The economics of the era of the 1890s and early 1900s simply didn't allow for smaller towns to have their own manufactured gas plants, nor for lines to be extended to rural areas. Instead, individual acetylene gas generators were developed for home use.
In Oswego, hardware merchant John Edwards invented and patented an acetylene gas generator about 1900 that was available in several sizes designed to supply sufficient gas to light everything from small homes to large businesses. The generators used various techniques to add carbide crystals (with which Union Carbide made its first fortune) to a tank of water, producing acetylene gas. The generators were usually located in buildings' basements with attached pipes extending up through the walls to supply wall and ceiling fixtures in each room and even to cooking stoves.
Edwards supplied the units for many homes in and around Oswego, along with two of the town's churches.

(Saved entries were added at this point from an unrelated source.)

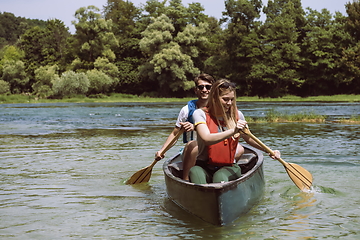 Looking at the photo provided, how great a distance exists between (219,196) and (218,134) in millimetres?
633

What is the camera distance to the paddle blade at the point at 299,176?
23.5ft

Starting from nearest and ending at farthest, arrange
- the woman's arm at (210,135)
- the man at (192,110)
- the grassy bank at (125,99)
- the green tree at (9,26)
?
1. the woman's arm at (210,135)
2. the man at (192,110)
3. the grassy bank at (125,99)
4. the green tree at (9,26)

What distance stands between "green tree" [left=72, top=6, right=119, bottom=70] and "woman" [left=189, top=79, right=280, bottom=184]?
48810 millimetres

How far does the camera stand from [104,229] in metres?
5.47

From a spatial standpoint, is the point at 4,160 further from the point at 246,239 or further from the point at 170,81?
the point at 170,81

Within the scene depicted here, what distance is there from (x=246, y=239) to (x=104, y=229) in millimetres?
1641

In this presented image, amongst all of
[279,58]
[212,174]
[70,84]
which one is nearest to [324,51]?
[279,58]

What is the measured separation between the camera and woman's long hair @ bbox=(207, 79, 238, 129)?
4964 mm

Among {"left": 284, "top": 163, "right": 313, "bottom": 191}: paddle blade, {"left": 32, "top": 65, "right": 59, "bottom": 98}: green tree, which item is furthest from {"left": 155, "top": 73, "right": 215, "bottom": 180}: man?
{"left": 32, "top": 65, "right": 59, "bottom": 98}: green tree

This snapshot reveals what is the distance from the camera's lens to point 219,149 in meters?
5.29

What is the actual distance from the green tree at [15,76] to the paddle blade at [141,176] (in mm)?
51286

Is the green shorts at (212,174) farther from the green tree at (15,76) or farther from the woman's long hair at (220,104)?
the green tree at (15,76)

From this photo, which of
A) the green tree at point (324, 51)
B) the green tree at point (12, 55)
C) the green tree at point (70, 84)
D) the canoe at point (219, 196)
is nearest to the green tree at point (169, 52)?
the green tree at point (70, 84)

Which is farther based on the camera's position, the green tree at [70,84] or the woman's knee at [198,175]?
the green tree at [70,84]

On May 1, 1901, the Kendall County Record's Oswego correspondent remarked: "'Let there be light,' and that the acetylene, so thought Doc Woolley and James Pearce, who had it put in their residences by John Edwards, whose generator of the gas is considered the best extant."
Eventually, Western United decided there was money to be made down river from their gas plant on River Street in Aurora. In February 1912, the Record reported that "the Western United Gas and Electric company was given a 50 year franchise to furnish gas and electric lights in Oswego. This permission comes after a summer's work by the company in getting their gas pipes laid to Oswego." Then in 1913, work on extending gas mains farther south to Yorkville and on to Sandwich began, with a steam shovel trenching along modern U.S. Route 34. By December 3, 1913, the Record reported they were using gas in their Yorkville office to melt the lead for their Linotype machine, replacing the old gasoline burner. In March 1918, Western United reported they had installed 1,718 miles of gas pipe to serve 60,000 customers all over the region.
But manufactured gas was, as noted above, a dirty business, resulting in horrific pollution of the Fox River. By May of 1922, Record Editor Hugh R. Marshall was bitterly complaining the Fox River was being destroyed by pollution: "But now come the gas company, and other factories up the river, with their continued pollution of the waters in direct defiance of the laws and orders of the state and authorities. Fish are dying by the tons and they are floating in the quiet spots filling the air with their stench and the water with possible contamination."
The eventual solution was to provide natural gas instead of manufactured coal gas. The first natural gas pipeline to Illinois from wells in Texas and Oklahoma built by the Continental Construction Company was finished by 1931. At first, there wasn't enough natural gas to supply the pure product to customers, so Western United petitioned the Illinois Commerce Commission on Sept. 22, 1931 for permission to supply a mixture of natural and manufactured gas.
According to the Oct. 28, 1931 Record: "An army of 500 specially trained service men of the Western United Gas and Electric company will start work in the downriver towns including Montgomery Oswego, Bristol Yorkville, Plano, and Sandwich on Friday, Oct. 30, making the necessary adjustments on gas burning appliances to utilize natural gas."
By that November, residents were enjoying cleaner burning gas. With the construction of more pipelines after World War II, manufactured gas was phased out.
Today, Nicor Gas, the direct descendant of Western United, provides natural gas that heats the majority of the area's homes and cooks the food in many more. Though the gaslight era is long gone, recalled only in period movies, back in the days when horses and buggies ruled the area's roads, there was nothing like cooking with gas.